Set the amount of RAM available to ©XSIBackup

To work that problem around you can tweak the amount of memory asigned to the parent process, so that ©XSIBackup binary can just malloc more memory as it needs it. That can only be done while ©XSIBackup job is running, as we can only find the PID of the parent process once the job has been launched.

The command below will get the line for some xsibackup process, get the parent process' Id from that line and set the max amount of memory assigned to the parent process to 2 gigabytes (2048MB).

gid=$(memstats -r group-stats -g0 -s gid:name:parGid | grep xsibackup | awk '{print $3}') && vsish -e set /sched/groups/$gid/memAllocationInMB max=2048;

Pruning

--prune is by far the most memory intensive argument that you can run in ©XSIBackup. This is due to the fact that to prune some backup repository, you need to account every block in it.

Pruning consist in traversing all the blocks in some repository, eliminate dupes to then find out which blocks are exclusive to the restore point being pruned. This requires approximately 50 bytes of data per each block, including duplicates

Let's say that you have a 1TB VM set and that you have accumulated 70 restore points so far. The figures associated to your scenario yield around 70M blocks. If we consider that we need 50 bytes per block we have that we need 3.3 GB to host that info in a buffer, plus a twin buffer to perform dupe removal and other operations, we have that you need around 6.7 GB of RAM to be able to prune your repository.

That is just some peak memory that will be reached during some seconds, still, you need that memory available

That is why you need to make your own basic calculations to reserve the resources that you need to operate. Setting some backup job, letting the repository grow to 300 restore points just to find out that you can't prune it with the hardware you have is not somebody else's fault nor a bug in the software.


Do not prune/repair your repositories from within ©ESXi

There is no justification to prune your big repositories from within the very same ©ESXi shell. ©XSIBackup will allow you to do so and also offers the --rotate argument which will make use of the prune feature internally. Although that is very convenient for the vast majority of users that have manageable VM sets and keep some 20-30 restore points, if you are backing up very big VMs you don't want to do that.

The reasons not to do so should be obvious: multiplied I/O times in NFS shares when compared to performing the same operation locally. An NFS volume will take hundreds of times more to perform some I/O system call, like removing some file than what it takes to do so from the server hosting the disks through the very SCSI bus. When you are working with millions of blocks the drawbacks become very apparent.
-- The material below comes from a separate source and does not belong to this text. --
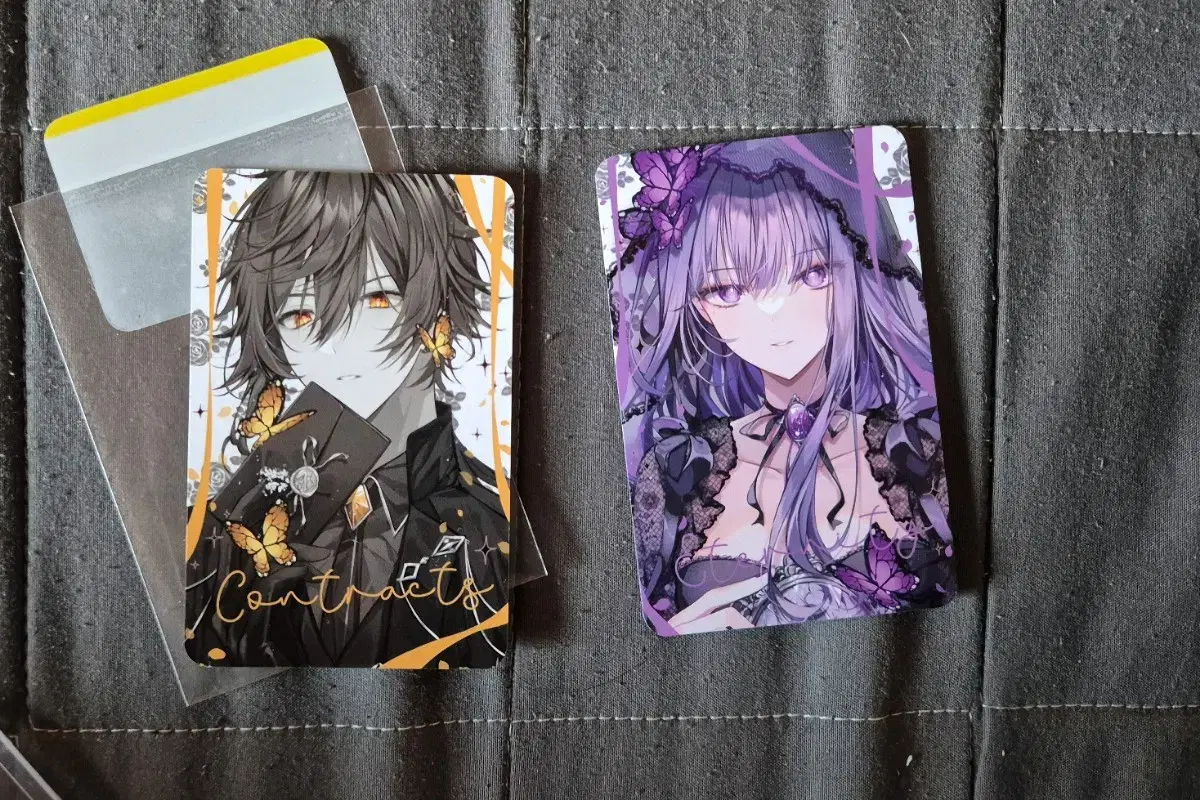 Bulk) Genshin Impact Malschbung Gothic Photo Card Palm,Leiden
Thus, when you are planning to backup a vast amount of data, you need a proper backup server, a Linux Server (we recommend Rocky Linux as of 2022). You need a server in which you can run your --prune commands with virtually no memory limits, as ©ESXi imposes, Linux will give you that.

NAS appliances such as Synology or QNap are not a good choice in case of big loads of data. Why?: because they run of top of custom cut down Linux environments which will limit what you can do and they have very limited CPUs and RAM when compared to a regular computer.


Next steps

There are some optimizations and there will be more as the software evolves, which will reduce the amount of RAM required for pruning, but those are the basic figures. Nobody said that managing 70TB of data was something simple.

Branch 1.5.2 adds automatic management for extreme cases in such way that it will increase reserved memory as needed. Nonetheless we will probably limit pruning directly from ©ESXi in NFS mounted volumes.